The next part was very horrible. I had a perfect opportunity to read Kankredin’s back, but it was at Hern’s expense. And it came to me then that if Kankredin’s gown told the truth—and I think it did, as far as Kankredin knew the truth—Hern’s soul, and mine, and Duck’s were all like Gull’s and could be used the same way. Kankredin stared under his fat lids at Hern, and Hern leaned against Duck, shaking. Duck put both arms round Hern and pressed the Lady against him so that they both had a bruise for days. At the same time, he says, he was willing Hern’s soul with all his might to look normal—like Korib the miller’s son’s, like Aunt Zara’s, even like Zwitt’s.

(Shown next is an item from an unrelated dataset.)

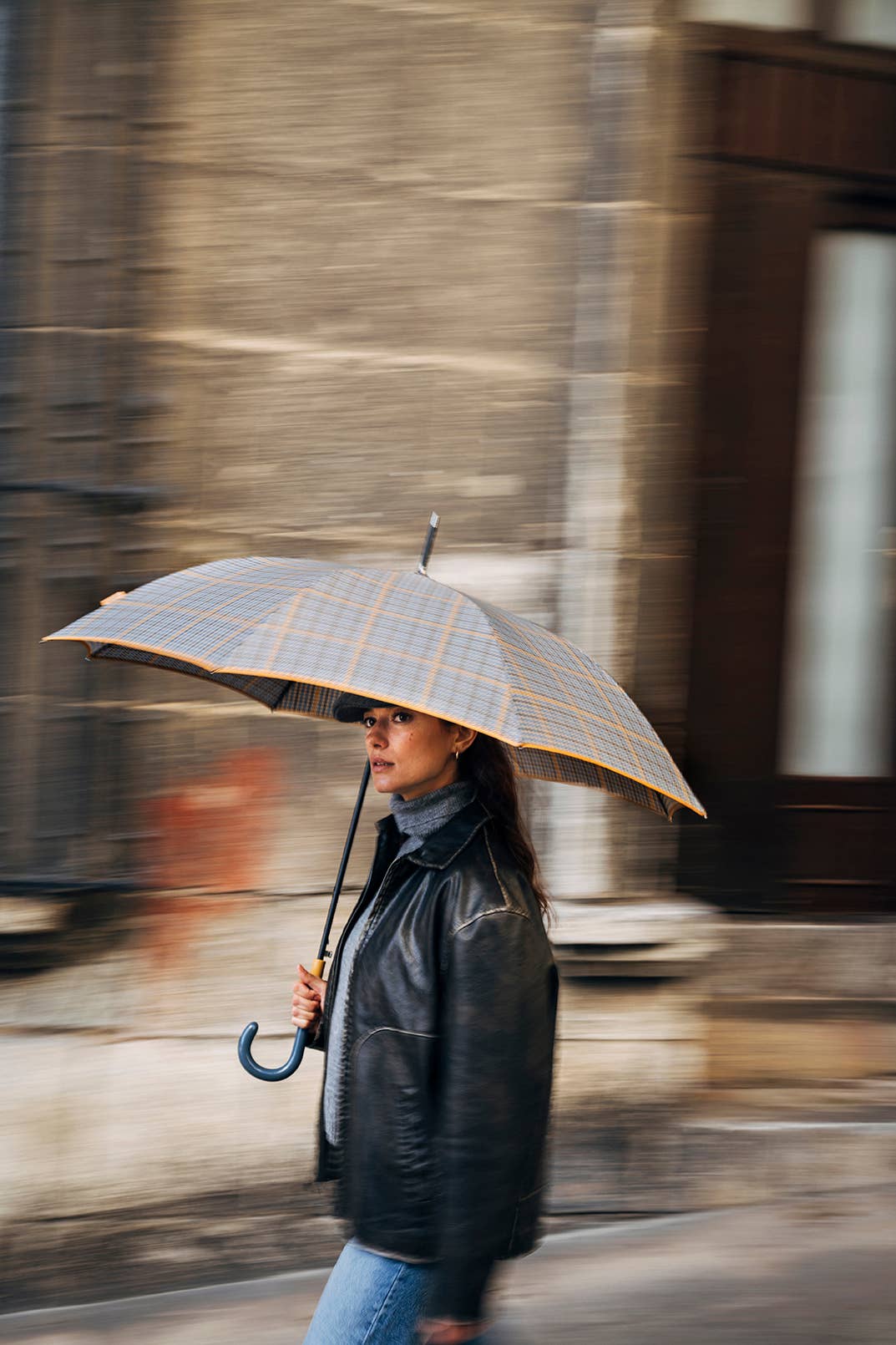 Houndstooth Umbrella | Multiple Colours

And I read Kankredin’s broad back for dear life.

Thus I, Kankredin, mage of mages, know how to rule the very soul of this land’s soul. The river tries to keep the lad’s soul from me, but I have bound the lad to come to me. I feel him approaching. He is near. By the power of these words and the hands of my mages, I now erect a soulnet across the mouths of the river wherein shall lodge the souls of all those dead in the land. These my mages collect daily. They shall be captive to me and learn to do my bidding, and I shall not suffer them to go out over the sea

to their last home. But the lad who is coming to me will lodge in the net in his own body. Then through him I shall draw forth the soul behind the river’s soul. When I have it, I shall come up the river, rolling it before me like a wave of the sea, and the land will lie captive at my feet. I, Kankredin, have spoken.

I did not read his sleeves. They seemed to be spells from much longer ago. “Duck! Let’s go!” I shrieked.

Kankredin turned and looked under his fat lids at me. I did not think we would be able to go.

“There’s no mystery about us,” I said. “We—we have to catch up with Kars Adon.”

“That’s right,” Duck said quickly. “Take a look at our souls. Can’t you see we’re quite open and honest?”

“I’ve looked at your souls,” said Kankredin. “Empty things they are. Suspiciously empty. His is not.” He pointed to Hern.